The administration strongly opposes new sanctions legislation, even if sanctions would only be triggered in the future. It believes that sanctions were critical in achieving the progress that has been made to date and that sanctions will remain critical in providing the leverage needed to get an acceptable final deal. But it doesn’t regard new sanctions as necessary at this time – because existing sanctions remain in place and are continuing to put Iran under strong pressure (as is the sharp drop in the price of oil) and because Congress can enact new sanctions very quickly if they are warranted by a future development, such as the failure to reach agreement by the end of the current extension period. Moreover, the administration is concerned that new sanctions legislation could seriously undercut the negotiations. Even if Iran doesn’t follow through on its threat to walk out of the talks, a new sanctions law would strengthen the hand of Iranian conservatives. These hardliners would argue that, because the United States is not serious about removing sanctions and because Obama does not have the strength to deliver on his commitments, there is no point in making further concessions. They would use the Congressional action as a pretext to call for toughening rather than relaxing Iran’s negotiation positions.

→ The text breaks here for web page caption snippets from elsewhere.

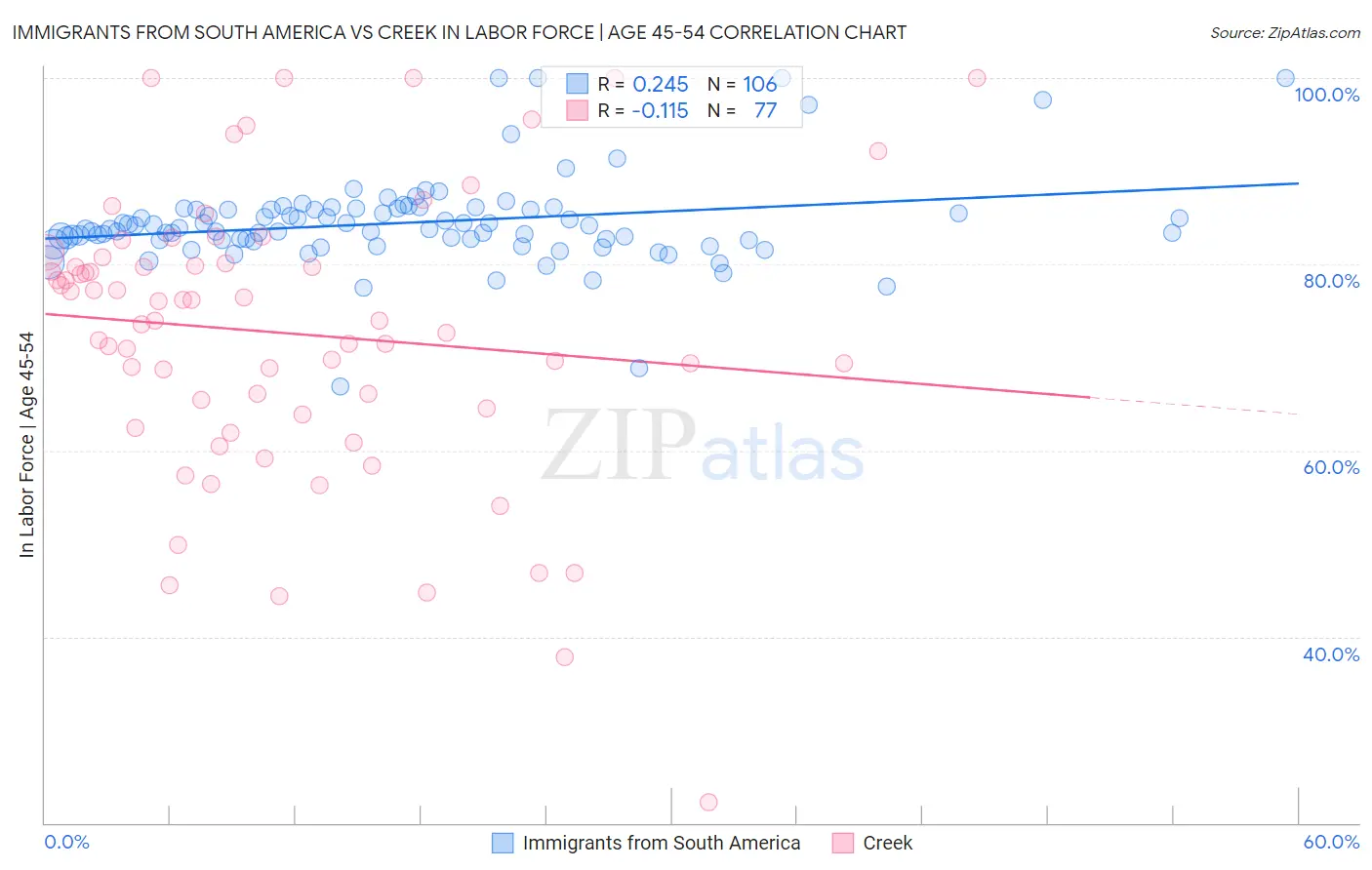Immigrants from South America vs Creek In Labor Force | Age 45-54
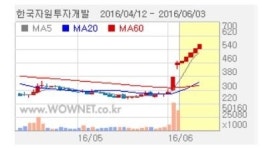 (주)디에스휴먼자원기술서비스 투썸플레이스 향남DT점 | 한국자원투자개발, 디에스티 인수 소식에 급등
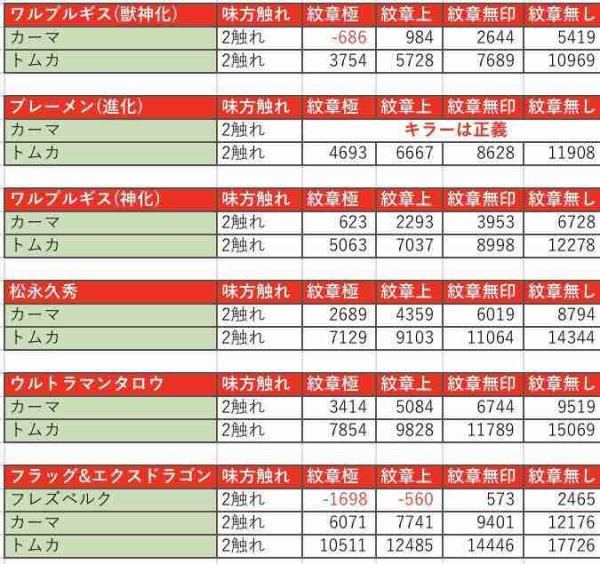 これで決まり 爆絶サキミタマ周回パーティー 運枠1or2 加撃ライン確認 Ttのモンスト備忘録blog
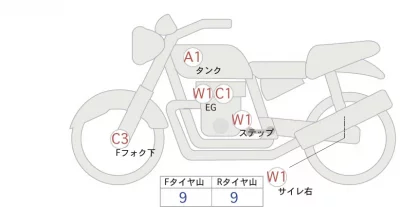 Harley-Davidson HARLEY FLSTC лот № 02148 оценка 4  с аукциона в Японии 0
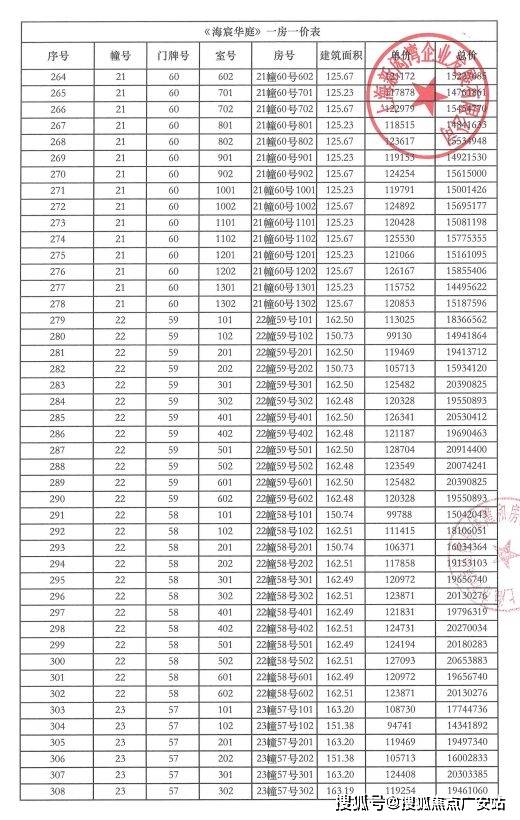 -地址-最新房价户型图-小区环境-楼盘详情-交房时间-周边配套-售楼处电话不朽情缘游戏入口建发海宸首页网站-建发海宸售楼处电话-楼盘详情-交房时间(图3) -地址-最新房价户型图-小区环境-楼盘详情-交房时间-周边配套-售楼处电话不朽情缘游戏入口建发海宸首页网站-建发海宸售楼处电话-楼盘详情-交房时间(图3)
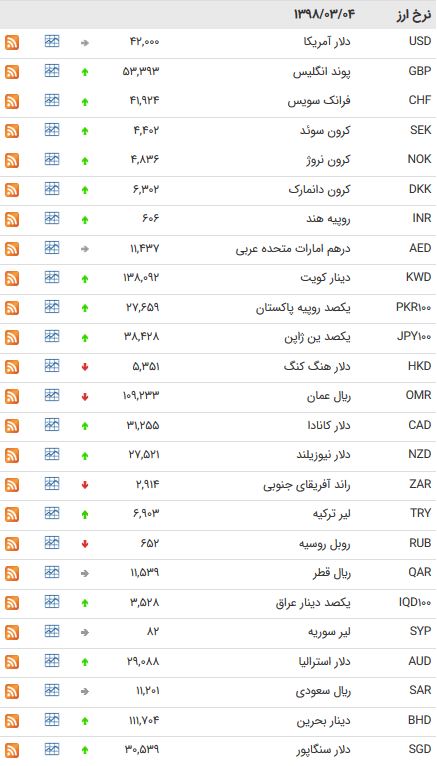 نرخ ۴۷ ارز بین بانکی در چهارم خرداد ۹۸ + جدول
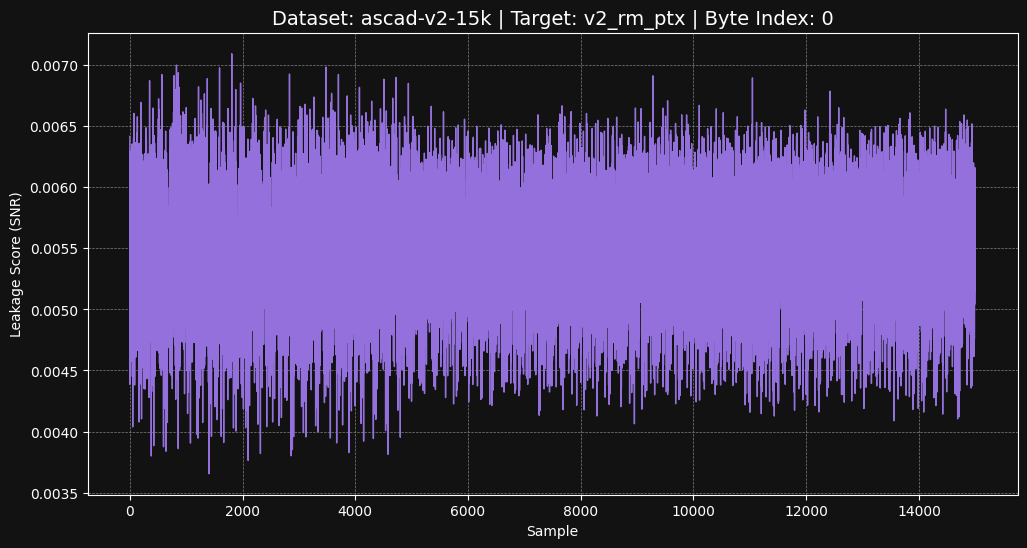 ascad-v2-15k v2_rm_ptx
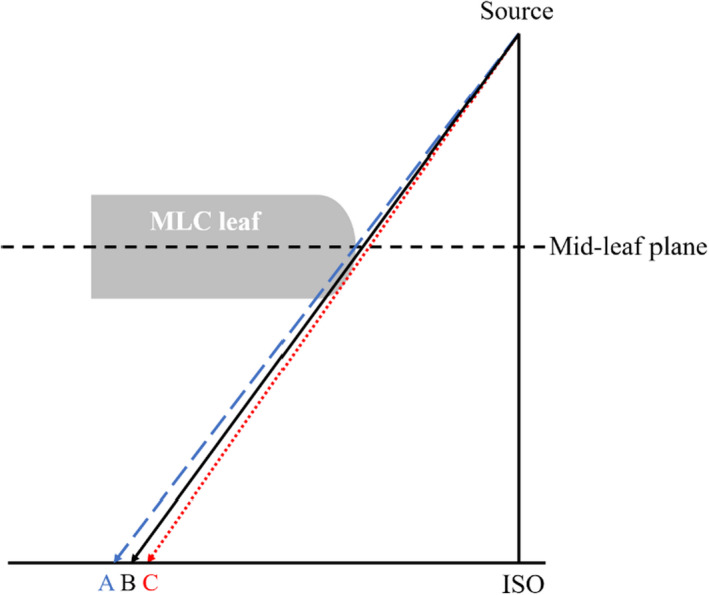 Fig. 5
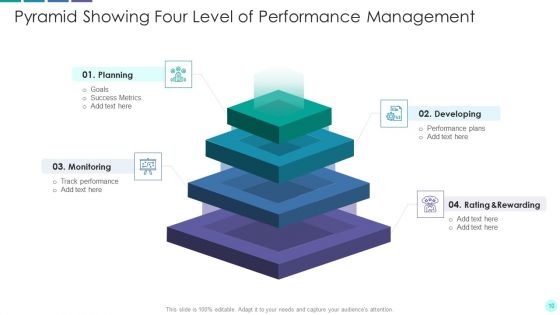 Four Level Pyramid Ppt PowerPoint Presentation Complete Deck With Slides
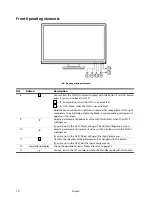 Предварительный просмотр 29 страницы Medion MD 20120 Instruction Manual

If the Congress passes a new sanctions bill that the administration considers damaging to prospects for negotiations, President Obama is very likely to veto it. Senior administration officials would then go into overdrive in finding the 34 Senate votes necessary to sustain the veto, focusing heavily on Senate Democrats. Although some Democrats can be expected to vote to override the veto, a substantial number, including some who have reservations about the negotiations, will not want to be seen as undermining the best prospect for resolving the nuclear issue peacefully or as undercutting their party’s president on a matter of such high priority. It is therefore likely that the administration will have the votes to sustain the veto and prevent legislation potentially damaging to the negotiations from being enacted.

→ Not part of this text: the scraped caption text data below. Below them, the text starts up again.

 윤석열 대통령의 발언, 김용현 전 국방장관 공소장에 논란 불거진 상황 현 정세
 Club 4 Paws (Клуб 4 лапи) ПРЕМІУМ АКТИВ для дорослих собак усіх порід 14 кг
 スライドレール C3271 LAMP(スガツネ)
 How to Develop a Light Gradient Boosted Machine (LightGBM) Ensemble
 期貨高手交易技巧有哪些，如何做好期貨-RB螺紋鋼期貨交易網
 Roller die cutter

So while the Republican-controlled Congress will undoubtedly give the administration a tough time, it is likely that President Obama will be able, without legislative interference, to continue negotiating an agreement that he believes is in the U.S. interest.

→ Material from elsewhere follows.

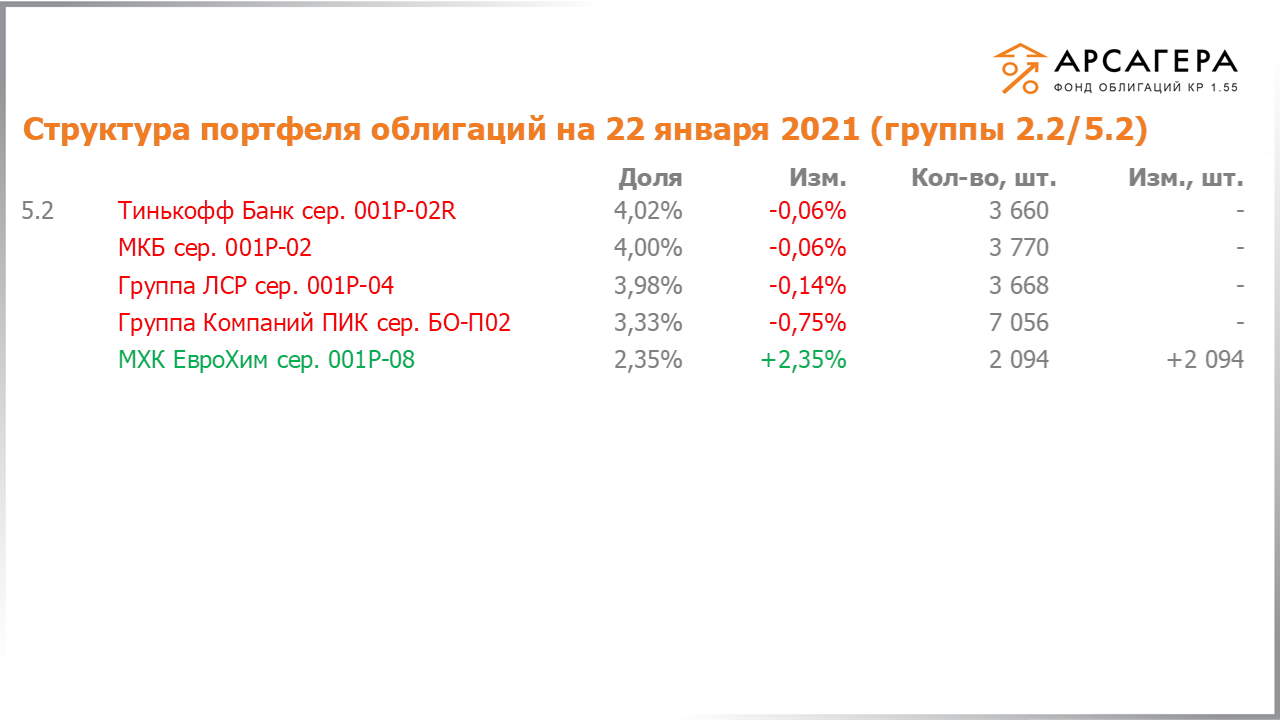 Изменение состава и структуры групп 2.2-5.2 портфеля «Арсагера – фонд облигаций КР 1.55» за период с 08.01.2021 по 22.01.2021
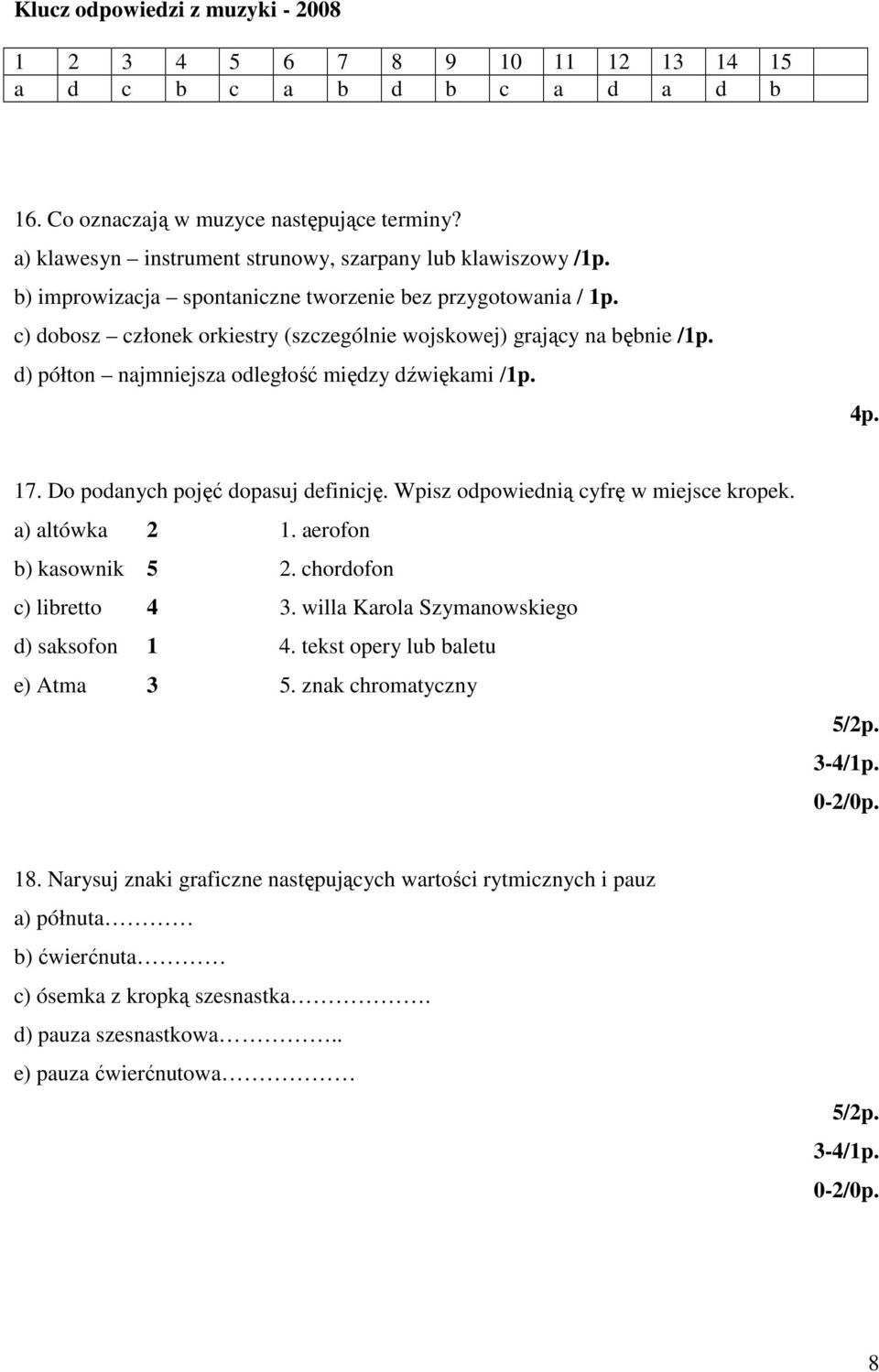 d) półton najmniejsza odległość między dźwiękami /1p. 4p. 17. Do podanych pojęć dopasuj definicję. Wpisz odpowiednią cyfrę w miejsce kropek. a) altówka 2 1. aerofon b) kasownik 5 2.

Although both presidents face domestic opposition, the domestic obstacles are more formidable on the Iranian side. Iran’s failure to show sufficient flexibility over the last year on the central issues in the nuclear negotiations has raised questions not just about its willingness to reach a balanced agreement but also, given internal divisions, its ability to do so. The answer to the question of whether Iran is capable of reaching a nuclear agreement lies with the Supreme Leader. If he is prepared to overcome his own reservations, overrule hardline opponents of a deal, and give his negotiators the green light to work out the necessary compromises, there can be an agreement. If not, there will be no deal.